For now, Hinkley’s home is Lamont’s only project in Marfa, but he is in contact with at least one other landowner in Antelope Hills who might be interested in working with him, he said. Clay Jackson of OJR Marfa is also in discussions with Lamont about launching a new company together and building affordable housing on his Valentine ranch.

Lamont said, “We are all looking at El Cosmico,” whose new hotel site is in view of Hinkley’s property, recognizing that ICON will soon be 3D printing a variety of structures on previously open land. He said he thinks “speculative” developers and builders are here and will continue to keep coming.

“People don’t want to live in cities because they’re volatile and they’re super expensive, and when you add all these things up, a brand like Marfa becomes a very effective proposition for people to land in,” Lamont said. “I think that the rise of that should not be underestimated.”

Jackson agrees West Texas has a “gravitational pull,” one that has led to a boom in the real estate market and lack of affordable housing for locals — a longstanding, complex issue not entirely unique to Marfa that he said he wants to help solve. As a potential buyer, he said he found Marfa’s housing prices “absurd,” and “offensive,” often comparable to prices in larger cities with more resources. 

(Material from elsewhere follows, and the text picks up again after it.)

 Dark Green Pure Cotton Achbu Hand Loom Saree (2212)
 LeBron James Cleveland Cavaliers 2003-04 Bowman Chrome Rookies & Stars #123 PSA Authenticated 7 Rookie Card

He said he is striving to create a real estate company that “doesn’t suck,” and is “outwardly mission based,” having been involved with property developers in the past in his role as a lawyer. Jackson’s land holdings are not in Marfa as his company’s name would suggest, but are in Valentine — off of FM 2017, bordered by 96 Ranch — and near Van Horn totaling nearly 100 acres, he said. 

On Instagram, @OJRMarfa states that a portion of its profits will be donated to “nonprofit initiatives rooted in justice, inclusion and access” like “legal aid for immigrants, LGBTQ+ Texans and working creatives.” When asked how Jackson will ensure transparency about the donations, he said the company will open itself up to be audited and produce an annual public report stating what percentage of nightly stays go to which organizations. 

Up until recently, when he met Lamont, Jackson intended to pursue the addition of campsites and short-term rentals on his Valentine ranch in order to raise capital for an affordable housing initiative, he said. But after being introduced to Lamont and the Antelope Hills home project, which Jackson referred to as “profound,” he is going all in on partnering with Lamont to establish “affordable houses for people in West Texas within the year” — under $200,000.

“It was an obvious decision to partner with him, because he can not only build anything you can dream, literally anything, any structure, any shape, he can do it, but he can do it faster than anyone that’s around,” Jackson said. 

Next up is to pursue a construction loan and determine how many structures they are going to build, he said. Eventually, the duo is hoping that construction companies will adopt Lamont’s techniques. “We don’t want to be home builders,” Jackson said. “What we wanted to do is connect people who build homes — construction companies — with the proprietary technology that Shaun has developed.” 

Jackson recognized that there’s “a lot of infrastructure that needs to catch up.” Valentine lacks a gas station, for example, but he still thinks people will be drawn to buy new homes in the remote outpost. “I think Valentine’s the type of place where if people can afford to buy a home for $200,000, $250,000 — considerably less than anything that’s available around Marfa and Presidio County — I think that people will come.”